**EXERCISE DESCRIPTION**.
Nothing after the line containing "Hideyan(Calmera) смотреть онлайн" belongs in the answer; write out exactly every line from the start of the material up to it, including it.

**DATA TO PROCESS**.

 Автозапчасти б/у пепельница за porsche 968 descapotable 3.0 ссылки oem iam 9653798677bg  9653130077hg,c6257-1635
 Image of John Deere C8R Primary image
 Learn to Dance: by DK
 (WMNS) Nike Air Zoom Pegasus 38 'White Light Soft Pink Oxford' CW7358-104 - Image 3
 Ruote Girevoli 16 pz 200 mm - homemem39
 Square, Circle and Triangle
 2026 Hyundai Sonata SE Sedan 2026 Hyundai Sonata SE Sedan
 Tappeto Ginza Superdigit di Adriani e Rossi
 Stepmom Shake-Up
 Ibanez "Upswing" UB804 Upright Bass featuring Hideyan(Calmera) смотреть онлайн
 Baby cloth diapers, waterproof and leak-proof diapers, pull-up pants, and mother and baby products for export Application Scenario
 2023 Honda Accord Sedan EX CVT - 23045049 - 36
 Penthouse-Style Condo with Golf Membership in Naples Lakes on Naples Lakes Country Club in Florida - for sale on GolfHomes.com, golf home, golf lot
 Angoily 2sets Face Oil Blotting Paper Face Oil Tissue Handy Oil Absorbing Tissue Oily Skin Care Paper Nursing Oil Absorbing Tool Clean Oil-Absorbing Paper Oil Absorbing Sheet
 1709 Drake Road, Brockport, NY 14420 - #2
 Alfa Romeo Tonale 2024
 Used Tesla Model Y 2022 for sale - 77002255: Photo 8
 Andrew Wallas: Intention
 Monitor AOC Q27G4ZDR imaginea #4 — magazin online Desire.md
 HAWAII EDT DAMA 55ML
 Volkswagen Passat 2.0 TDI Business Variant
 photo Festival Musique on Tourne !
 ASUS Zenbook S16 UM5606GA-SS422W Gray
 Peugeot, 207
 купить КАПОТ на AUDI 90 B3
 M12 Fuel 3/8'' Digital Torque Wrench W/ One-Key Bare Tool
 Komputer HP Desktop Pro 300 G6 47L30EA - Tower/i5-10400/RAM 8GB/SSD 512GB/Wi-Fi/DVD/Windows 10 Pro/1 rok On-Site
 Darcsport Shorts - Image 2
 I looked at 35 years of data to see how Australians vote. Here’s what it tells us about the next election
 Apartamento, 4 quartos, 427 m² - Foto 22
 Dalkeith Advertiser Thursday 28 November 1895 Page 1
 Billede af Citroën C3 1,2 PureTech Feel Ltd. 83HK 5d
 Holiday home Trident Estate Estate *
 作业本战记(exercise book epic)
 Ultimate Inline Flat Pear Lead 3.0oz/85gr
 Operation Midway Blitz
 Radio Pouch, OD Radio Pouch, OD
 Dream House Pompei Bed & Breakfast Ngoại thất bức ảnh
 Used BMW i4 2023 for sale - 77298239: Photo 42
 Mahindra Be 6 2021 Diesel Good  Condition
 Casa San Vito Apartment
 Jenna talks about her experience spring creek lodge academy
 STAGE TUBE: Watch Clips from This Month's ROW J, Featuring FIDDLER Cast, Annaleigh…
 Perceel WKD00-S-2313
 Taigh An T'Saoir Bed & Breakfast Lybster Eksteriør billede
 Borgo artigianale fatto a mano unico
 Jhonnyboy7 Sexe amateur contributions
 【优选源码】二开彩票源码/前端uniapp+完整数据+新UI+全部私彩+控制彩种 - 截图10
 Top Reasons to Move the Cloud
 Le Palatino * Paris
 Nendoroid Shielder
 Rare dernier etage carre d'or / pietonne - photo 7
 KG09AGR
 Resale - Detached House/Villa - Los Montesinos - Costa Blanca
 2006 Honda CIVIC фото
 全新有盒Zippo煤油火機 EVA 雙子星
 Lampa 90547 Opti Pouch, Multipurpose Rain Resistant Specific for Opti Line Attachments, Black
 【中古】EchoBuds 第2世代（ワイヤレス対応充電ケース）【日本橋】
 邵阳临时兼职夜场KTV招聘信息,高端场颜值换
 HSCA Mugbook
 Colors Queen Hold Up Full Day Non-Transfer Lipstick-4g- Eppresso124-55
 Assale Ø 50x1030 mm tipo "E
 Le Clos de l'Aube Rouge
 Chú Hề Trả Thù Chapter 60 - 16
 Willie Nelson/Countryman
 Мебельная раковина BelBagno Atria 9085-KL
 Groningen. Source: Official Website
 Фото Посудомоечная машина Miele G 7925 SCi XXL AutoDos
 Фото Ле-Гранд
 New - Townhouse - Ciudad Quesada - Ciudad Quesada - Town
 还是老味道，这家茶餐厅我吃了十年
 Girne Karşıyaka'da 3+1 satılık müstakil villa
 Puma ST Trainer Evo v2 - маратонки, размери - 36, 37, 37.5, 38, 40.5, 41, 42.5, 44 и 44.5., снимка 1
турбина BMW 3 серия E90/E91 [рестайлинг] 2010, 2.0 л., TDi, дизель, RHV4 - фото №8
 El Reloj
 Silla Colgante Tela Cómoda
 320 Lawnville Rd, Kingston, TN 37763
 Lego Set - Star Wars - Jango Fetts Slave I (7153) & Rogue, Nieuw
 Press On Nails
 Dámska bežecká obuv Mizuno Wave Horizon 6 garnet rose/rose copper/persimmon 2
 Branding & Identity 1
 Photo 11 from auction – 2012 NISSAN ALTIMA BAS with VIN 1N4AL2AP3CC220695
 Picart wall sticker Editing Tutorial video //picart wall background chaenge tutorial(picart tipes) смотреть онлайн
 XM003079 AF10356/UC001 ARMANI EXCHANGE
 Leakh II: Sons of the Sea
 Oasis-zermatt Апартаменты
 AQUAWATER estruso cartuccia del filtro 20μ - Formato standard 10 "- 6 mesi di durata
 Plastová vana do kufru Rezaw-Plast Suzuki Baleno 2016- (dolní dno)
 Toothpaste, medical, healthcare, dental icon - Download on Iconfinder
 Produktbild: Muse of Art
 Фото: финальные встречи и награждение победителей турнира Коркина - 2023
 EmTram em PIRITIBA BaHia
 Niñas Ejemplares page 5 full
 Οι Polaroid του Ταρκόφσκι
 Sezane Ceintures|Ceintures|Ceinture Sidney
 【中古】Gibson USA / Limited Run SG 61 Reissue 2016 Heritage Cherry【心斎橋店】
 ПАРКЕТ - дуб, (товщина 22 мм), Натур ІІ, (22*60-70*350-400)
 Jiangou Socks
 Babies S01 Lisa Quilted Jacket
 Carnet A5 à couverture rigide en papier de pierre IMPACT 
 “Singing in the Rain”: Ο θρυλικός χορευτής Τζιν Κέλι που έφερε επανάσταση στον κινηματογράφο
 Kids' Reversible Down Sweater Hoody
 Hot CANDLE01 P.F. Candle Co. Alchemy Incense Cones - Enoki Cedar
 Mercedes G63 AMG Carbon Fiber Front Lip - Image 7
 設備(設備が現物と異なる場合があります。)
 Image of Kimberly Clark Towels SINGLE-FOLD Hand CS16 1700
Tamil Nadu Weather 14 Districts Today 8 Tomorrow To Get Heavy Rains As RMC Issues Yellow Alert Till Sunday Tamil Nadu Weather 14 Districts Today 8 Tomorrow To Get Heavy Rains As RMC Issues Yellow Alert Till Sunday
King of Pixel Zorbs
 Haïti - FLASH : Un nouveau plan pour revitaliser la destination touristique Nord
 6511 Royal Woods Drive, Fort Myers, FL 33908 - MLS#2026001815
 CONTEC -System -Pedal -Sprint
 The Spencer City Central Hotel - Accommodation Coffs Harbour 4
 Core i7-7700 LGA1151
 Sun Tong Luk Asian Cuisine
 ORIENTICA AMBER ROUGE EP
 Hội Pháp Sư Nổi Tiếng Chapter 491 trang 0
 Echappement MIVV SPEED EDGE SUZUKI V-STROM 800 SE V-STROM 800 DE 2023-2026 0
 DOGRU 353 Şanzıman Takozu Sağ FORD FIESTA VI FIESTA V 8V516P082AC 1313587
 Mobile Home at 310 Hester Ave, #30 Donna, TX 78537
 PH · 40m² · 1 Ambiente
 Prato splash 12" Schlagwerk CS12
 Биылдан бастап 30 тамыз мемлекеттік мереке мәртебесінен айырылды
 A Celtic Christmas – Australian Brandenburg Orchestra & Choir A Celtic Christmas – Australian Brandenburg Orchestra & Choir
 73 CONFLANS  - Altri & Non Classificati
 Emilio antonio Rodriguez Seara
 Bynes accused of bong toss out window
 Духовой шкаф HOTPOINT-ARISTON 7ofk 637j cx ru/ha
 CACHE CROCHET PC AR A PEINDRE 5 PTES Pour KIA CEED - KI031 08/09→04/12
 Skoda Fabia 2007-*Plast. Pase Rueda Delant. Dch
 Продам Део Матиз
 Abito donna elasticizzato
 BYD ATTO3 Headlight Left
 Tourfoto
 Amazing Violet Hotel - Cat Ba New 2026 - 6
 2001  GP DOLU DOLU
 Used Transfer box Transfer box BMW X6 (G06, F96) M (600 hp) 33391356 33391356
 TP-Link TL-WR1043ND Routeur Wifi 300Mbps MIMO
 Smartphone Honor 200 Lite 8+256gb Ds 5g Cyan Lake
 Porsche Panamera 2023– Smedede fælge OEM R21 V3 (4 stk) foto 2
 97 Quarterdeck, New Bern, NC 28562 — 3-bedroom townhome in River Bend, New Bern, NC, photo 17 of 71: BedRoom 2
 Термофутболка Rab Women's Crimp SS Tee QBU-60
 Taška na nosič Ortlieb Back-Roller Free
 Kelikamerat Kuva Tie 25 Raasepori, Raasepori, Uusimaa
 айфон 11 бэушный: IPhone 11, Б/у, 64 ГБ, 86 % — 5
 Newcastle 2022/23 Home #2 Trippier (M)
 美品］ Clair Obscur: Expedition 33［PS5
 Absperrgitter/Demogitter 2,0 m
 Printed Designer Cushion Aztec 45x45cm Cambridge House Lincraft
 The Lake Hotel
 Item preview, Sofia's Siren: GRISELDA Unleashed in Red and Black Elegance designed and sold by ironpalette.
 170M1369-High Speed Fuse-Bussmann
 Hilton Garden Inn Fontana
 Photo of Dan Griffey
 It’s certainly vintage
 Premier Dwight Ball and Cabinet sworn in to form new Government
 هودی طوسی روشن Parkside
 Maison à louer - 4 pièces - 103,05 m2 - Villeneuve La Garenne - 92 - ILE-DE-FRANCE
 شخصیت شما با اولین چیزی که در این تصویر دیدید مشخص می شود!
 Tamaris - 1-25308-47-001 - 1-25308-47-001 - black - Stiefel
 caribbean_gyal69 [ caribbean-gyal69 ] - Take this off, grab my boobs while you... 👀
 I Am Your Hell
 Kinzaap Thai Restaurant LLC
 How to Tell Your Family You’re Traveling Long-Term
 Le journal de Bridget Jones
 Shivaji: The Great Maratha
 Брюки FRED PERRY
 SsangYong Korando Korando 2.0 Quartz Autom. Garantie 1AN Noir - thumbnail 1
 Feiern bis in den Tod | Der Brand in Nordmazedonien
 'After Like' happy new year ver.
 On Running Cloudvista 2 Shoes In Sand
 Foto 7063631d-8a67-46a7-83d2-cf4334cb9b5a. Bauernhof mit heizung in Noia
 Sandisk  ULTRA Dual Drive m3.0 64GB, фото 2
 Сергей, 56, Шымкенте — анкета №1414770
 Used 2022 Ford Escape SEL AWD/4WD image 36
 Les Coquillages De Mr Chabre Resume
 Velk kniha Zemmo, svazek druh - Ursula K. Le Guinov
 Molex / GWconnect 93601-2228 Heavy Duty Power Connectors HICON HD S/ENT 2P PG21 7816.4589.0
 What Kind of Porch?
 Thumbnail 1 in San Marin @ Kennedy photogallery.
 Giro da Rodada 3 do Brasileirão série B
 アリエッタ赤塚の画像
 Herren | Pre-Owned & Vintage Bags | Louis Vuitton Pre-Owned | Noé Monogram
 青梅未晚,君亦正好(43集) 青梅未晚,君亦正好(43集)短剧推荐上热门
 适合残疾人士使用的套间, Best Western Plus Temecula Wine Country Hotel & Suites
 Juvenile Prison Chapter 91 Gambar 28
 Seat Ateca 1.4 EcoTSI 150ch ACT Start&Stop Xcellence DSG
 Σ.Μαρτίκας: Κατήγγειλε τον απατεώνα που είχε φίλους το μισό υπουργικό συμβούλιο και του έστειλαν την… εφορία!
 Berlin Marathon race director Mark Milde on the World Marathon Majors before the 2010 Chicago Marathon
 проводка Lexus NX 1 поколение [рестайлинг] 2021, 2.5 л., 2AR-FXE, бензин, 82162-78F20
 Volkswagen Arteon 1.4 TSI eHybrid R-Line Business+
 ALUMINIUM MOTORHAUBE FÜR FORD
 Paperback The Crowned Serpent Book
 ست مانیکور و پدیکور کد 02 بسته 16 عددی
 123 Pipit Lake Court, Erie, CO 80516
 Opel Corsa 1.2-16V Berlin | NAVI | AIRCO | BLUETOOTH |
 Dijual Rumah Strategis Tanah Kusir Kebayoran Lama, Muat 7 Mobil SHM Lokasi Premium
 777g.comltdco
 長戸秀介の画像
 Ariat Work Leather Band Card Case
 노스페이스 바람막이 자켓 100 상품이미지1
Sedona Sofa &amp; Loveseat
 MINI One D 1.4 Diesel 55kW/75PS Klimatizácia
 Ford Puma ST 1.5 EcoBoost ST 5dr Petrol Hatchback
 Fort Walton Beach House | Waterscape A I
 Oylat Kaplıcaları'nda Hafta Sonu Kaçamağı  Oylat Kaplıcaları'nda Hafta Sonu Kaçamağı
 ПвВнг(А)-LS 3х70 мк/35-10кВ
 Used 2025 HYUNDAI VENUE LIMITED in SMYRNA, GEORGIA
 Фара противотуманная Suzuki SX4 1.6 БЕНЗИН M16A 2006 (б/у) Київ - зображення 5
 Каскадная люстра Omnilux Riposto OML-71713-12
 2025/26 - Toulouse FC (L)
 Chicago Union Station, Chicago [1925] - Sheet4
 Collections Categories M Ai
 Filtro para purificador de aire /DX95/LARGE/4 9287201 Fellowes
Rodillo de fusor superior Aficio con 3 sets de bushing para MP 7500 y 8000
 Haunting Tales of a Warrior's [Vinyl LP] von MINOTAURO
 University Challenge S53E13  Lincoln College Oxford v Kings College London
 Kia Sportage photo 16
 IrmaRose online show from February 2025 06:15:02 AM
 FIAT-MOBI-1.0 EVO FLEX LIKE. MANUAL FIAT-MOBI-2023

**OUTPUT**.
 Автозапчасти б/у пепельница за porsche 968 descapotable 3.0 ссылки oem iam 9653798677bg  9653130077hg,c6257-1635
 Image of John Deere C8R Primary image
 Learn to Dance: by DK
 (WMNS) Nike Air Zoom Pegasus 38 'White Light Soft Pink Oxford' CW7358-104 - Image 3
 Ruote Girevoli 16 pz 200 mm - homemem39
 Square, Circle and Triangle
 2026 Hyundai Sonata SE Sedan 2026 Hyundai Sonata SE Sedan
 Tappeto Ginza Superdigit di Adriani e Rossi
 Stepmom Shake-Up
 Ibanez "Upswing" UB804 Upright Bass featuring Hideyan(Calmera) смотреть онлайн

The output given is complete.